La corruption et le détournement de fonds publics, conséquences d’une « mauvaise gouvernance » et d’institutions étatiques « faibles », s’invitent régulièrement dans les débats de profanes sur l’Afrique. L’utilisation privative ou politique de ressources étatiques est souvent traitée comme une vérité générale sur les soi-disant dysfonctionnements des systèmes politiques du continent africain.
Dans un ouvrage académique riche en termes de données empiriques, de méthode et de théorisation, Rachel Sigman, politiste et maîtresse de conférences à l’université de Denver, invite à prendre du recul sur cette idée reçue. En s’intéressant aux pratiques d’extraction des ressources étatiques par des acteurs partisans au profit de leur compétition politique, elle limite son analyse à un type de détournement de fonds particulier. Elle distingue la corruption, le clientélisme, l’appropriation privative des ressources publiques, ou encore la redistribution des fonds publics selon des logiques néopatrimoniales. Cette déconstruction des termes associés à la gestion des finances publiques en Afrique est un premier atout de l’ouvrage.

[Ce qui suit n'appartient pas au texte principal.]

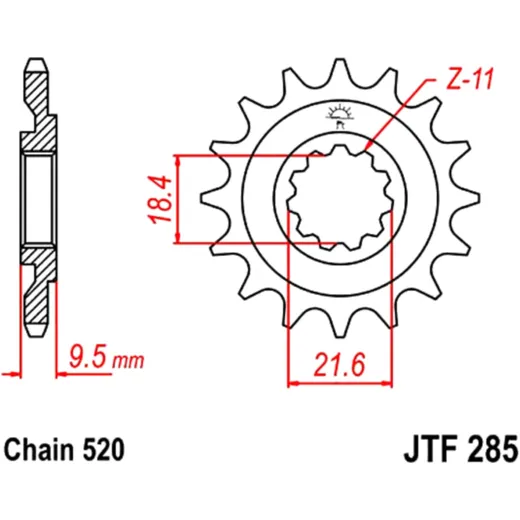 Front sprocket 15 tooth pitch 520 narrow spline inner diameter 18. 4/21. 6 for: Honda CR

En s’appuyant sur une comparaison des cas du Ghana et du Bénin, Rachel Sigman formule la thèse suivante : dans un contexte où la participation à la compétition politique devient de plus en plus coûteuse, les acteurs politiques recourent à différentes ressources étatiques. Par exemple, ils distribuent des postes et des services en échange d’un soutien matériel lors des élections. Ces pratiques d’extraction des ressources varient d’un contexte à l’autre. Pour Sigman, la variable indépendante pour saisir ces différences est le degré d’institutionnalisation des partis politiques : plus les institutions partisanes sont consolidées, plus le réseau du parti est robuste, et plus un acteur politique dispose d’instruments et d’agents fiables pour extraire des ressources étatiques (cas du Ghana). En revanche, si les institutions partisanes sont faibles, les pratiques d’extraction reposent sur des actions d’individus, et le risque politique est plus élevé.
Un grand atout de cet ouvrage est l’approche originale qu’il propose pour comprendre la formation politique de l’État en Afrique. Il démontre d’abord que l’argument de la « faiblesse » de l’État et des institutions politiques ne suffit pas à expliquer l’utilisation politique des ressources étatiques. Ensuite, l’ouvrage établit une corrélation nouvelle entre construction étatique, finances publiques et formation des partis politiques. Enfin, il rentre dans les rouages des administrations étatiques et partisanes, en analysant finement les (inter)actions des agents impliqués dans les pratiques d’extraction.
L’ouvrage de Rachel Sigman s’appuie sur une impressionnante boîte à outils méthodologique. Celle-ci n’attend que d’être explorée par des étudiants et chercheurs utilisant des approches comparatives et travaillant sur des objets de recherche délicats. La quantité des données de première main sur un sujet politiquement sensible mérite d’être soulignée. Cette richesse empirique et méthodologique vient contrebalancer les faiblesses définitionnelles d’un ouvrage ambitieux, reposant sur moult concepts de science politique.